More important than your genetics alone is a concept called epigenetics. Your epigenetics is your genetics, plus the environment you put them in. This is extremely important, more than your genetics alone.
As an example, we follow two people on their journey through life. Let’s say that as a child Marcy has a gene that increases the risk of breast cancer, while Ted does not. Given only this information, it is easy to say that Marcy has an increased risk of breast cancer. But it’s not even the beginning of the story.

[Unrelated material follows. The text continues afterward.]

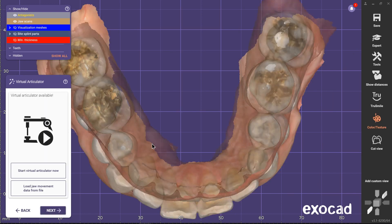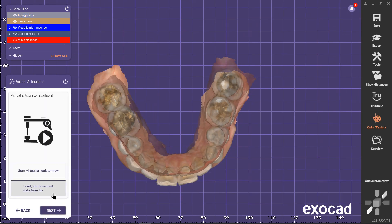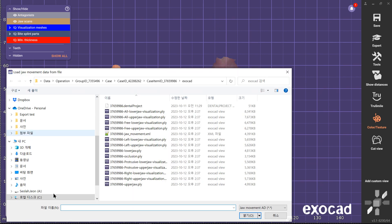In the Virtual Articulator, click Load jaw movement data from file. Choose the XML file you want to be loaded.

Marcy lived an exceptional life. She ate Whole Foods, plant-based diet, and practiced regularly. Ted wasn’t so nice to his body. He smoked a pack of cigarettes almost every day, and regularly ate fried fatty foods. Now, which person is more likely to have cancer? The results of cancer studies would argue that Ted presents a much higher risk.
You see, regardless of the genes you inherited, a much more important factor is your lifestyle. In fact, the BRCA gene was hailed after it was found to be the” genetic cause ” of cancer. However, over the years since its discovery, its importance has diminished. Not only did scientists find other genes that can be associated with breast cancer, they also found that the BRCA gene is present in less than 20% of breast cancer cases. This means that 80% of the time the patient did not have the BRCA gene, but still had cancer.
Your epigenetics are therefore a much greater factor in your overall health than your genetics alone. Sometimes, DNA testing companies will refer to Nutrigenetics, a field that looks at your nutrition compared to your genetics. This can help you provide information about personal biochemistry that can help you make the healthiest decisions.